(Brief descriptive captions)

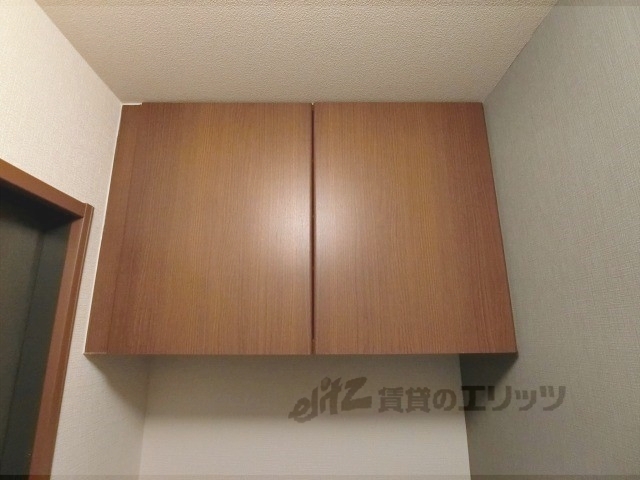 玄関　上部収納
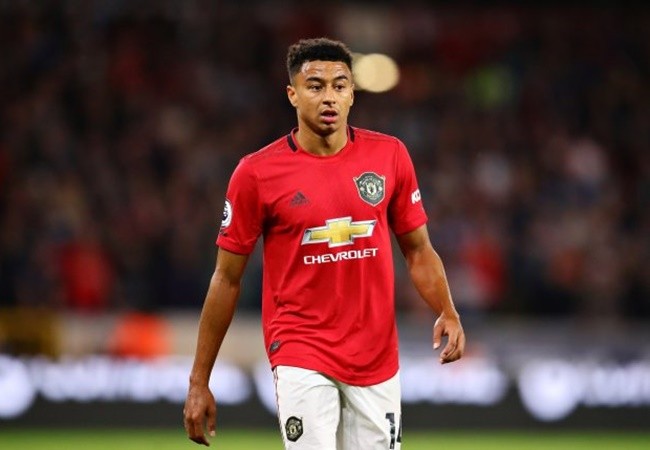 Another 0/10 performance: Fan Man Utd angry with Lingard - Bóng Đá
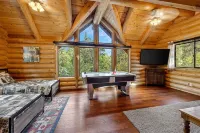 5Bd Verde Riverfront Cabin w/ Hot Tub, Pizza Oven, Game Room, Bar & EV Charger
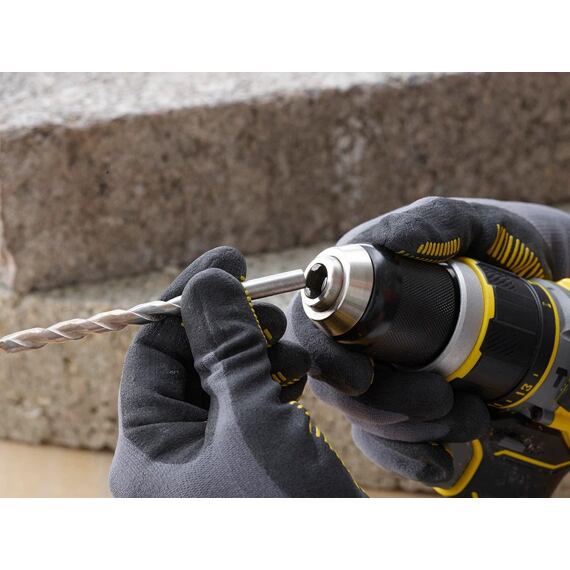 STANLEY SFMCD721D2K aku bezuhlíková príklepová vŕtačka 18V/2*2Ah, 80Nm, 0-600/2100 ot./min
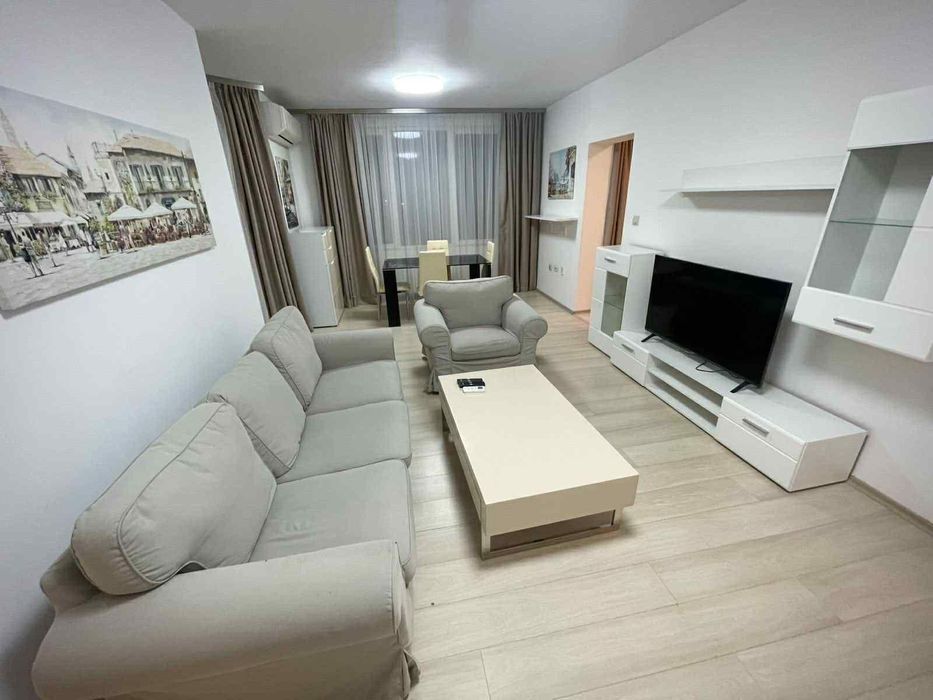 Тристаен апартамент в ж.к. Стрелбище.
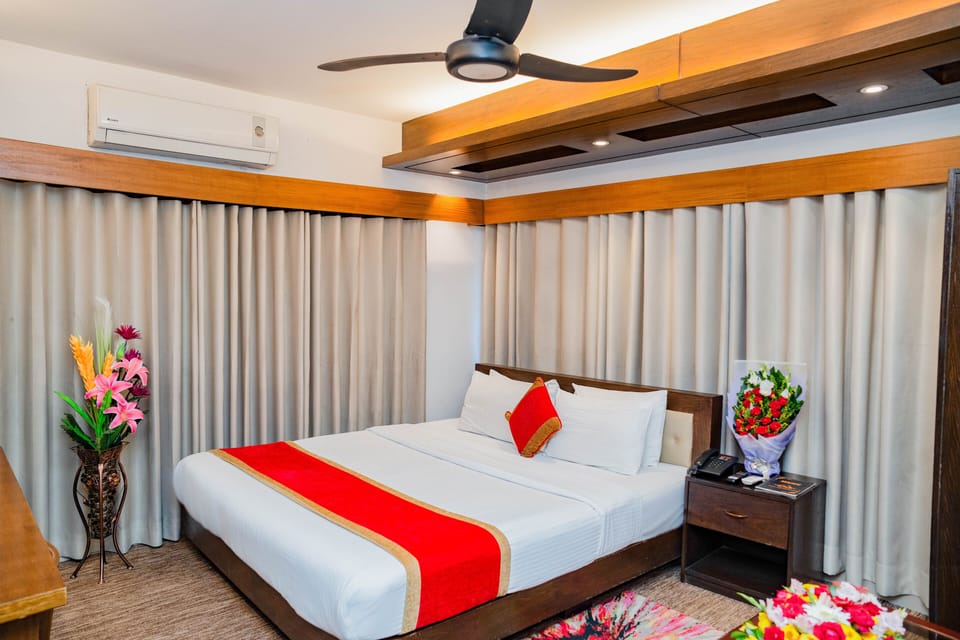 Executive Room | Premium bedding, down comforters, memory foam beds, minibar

The problem -> From the data above, return only the lines starting at the line that holds "Another 0/10 performance: Fan" and ending at the line that holds "Тристаен апартамент в ж.к. Стрелбище.", word for word and without pictures.

Finished task ->
 Another 0/10 performance: Fan Man Utd angry with Lingard - Bóng Đá
 5Bd Verde Riverfront Cabin w/ Hot Tub, Pizza Oven, Game Room, Bar & EV Charger
 STANLEY SFMCD721D2K aku bezuhlíková príklepová vŕtačka 18V/2*2Ah, 80Nm, 0-600/2100 ot./min
 Тристаен апартамент в ж.к. Стрелбище.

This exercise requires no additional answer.